Sunday 22 November 2020

Do an OASys - Or Assess Risk!

There seems to be so many discussion threads at the moment, I'm concerned we could be missing some gems along the way, such as this belter of a rant from Friday that I'm fairly sure will have quite a few experienced colleagues nodding sagely:- 

So the research concluded "OASYS is a pile of shite". Something we all knew.

The problem is that the organisation has invested so heavily in "how to do OASYS", rather than "how to assess risk". Certainly in my area over the past few years, the focus has been on OASYS QA Standards, training about how to use them, QA feedback, with the feedback on literally "how" to fill out each box to "fit" these ridiculous standards.

OASYS is frankly not based on research - it doesn't take a professional to identify that a violent offence took place because of "thinking and behaviour" and "attitudes". This leads to ridiculous comments like "he needs to improve his thinking skills", "he needs to improve his consequential thinking", "he needs to improve his victim empathy", "he needs to change his attitudes to others and society". 

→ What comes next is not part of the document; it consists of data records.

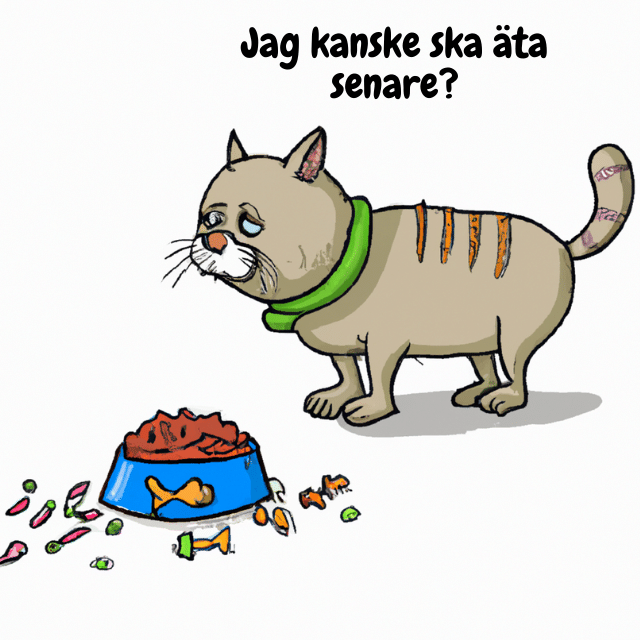 När en katt åldras förändras dess näringsbehov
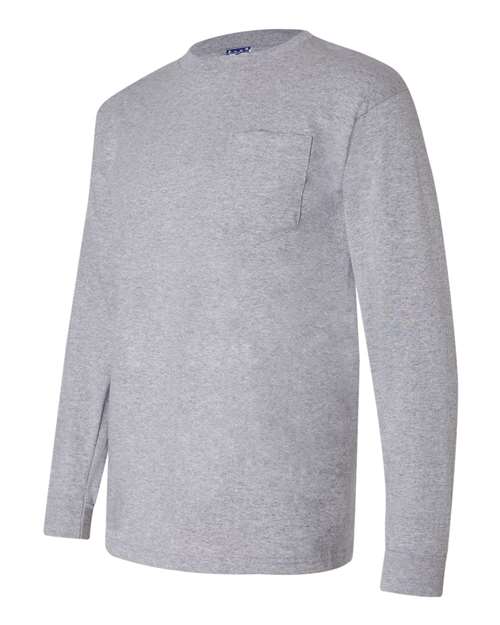 Bayside Union-Made Long Sleeve Pocket T-Shirt 3055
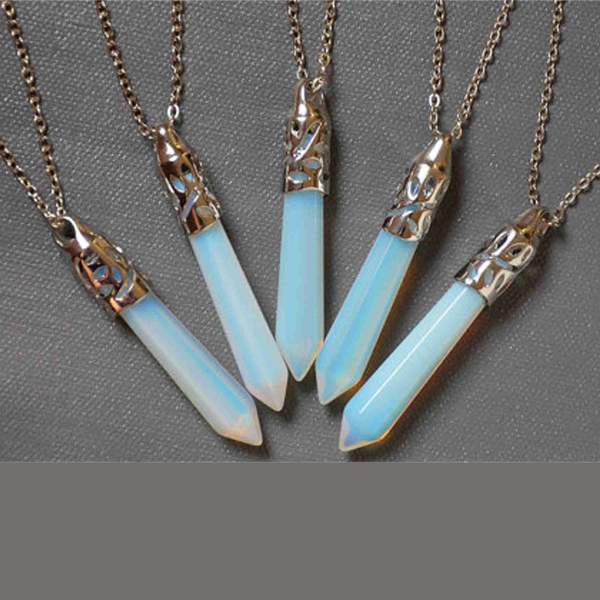 Opal Pointed Stone Necklace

OASYS guides you little to identify the factors that prevent people perpetrating offences - why can the starting point not be what already exists in Mr X's life to prevent another offence and how we can now build upon that as the basis of the work we do. OASYS and certainly not Probation actually tells us HOW to address the psychological risk factors referred to - they've reduced us to "referral agents" - refer to TSP for thinking, drugs agency for drugs, and CRC for ETE/finances - and my "intervention" will be to "discuss" this with him and "motivate" him to attend. That's NOT how I see my role and I do try to do more, but that's how belittled I feel by "senior management" who have equipped me with few skills (other than what I have read up, learned, trained in prior to probation) - ultimately I can totally see why the service users say "what's the point in me attending probation - what exactly do you DO"?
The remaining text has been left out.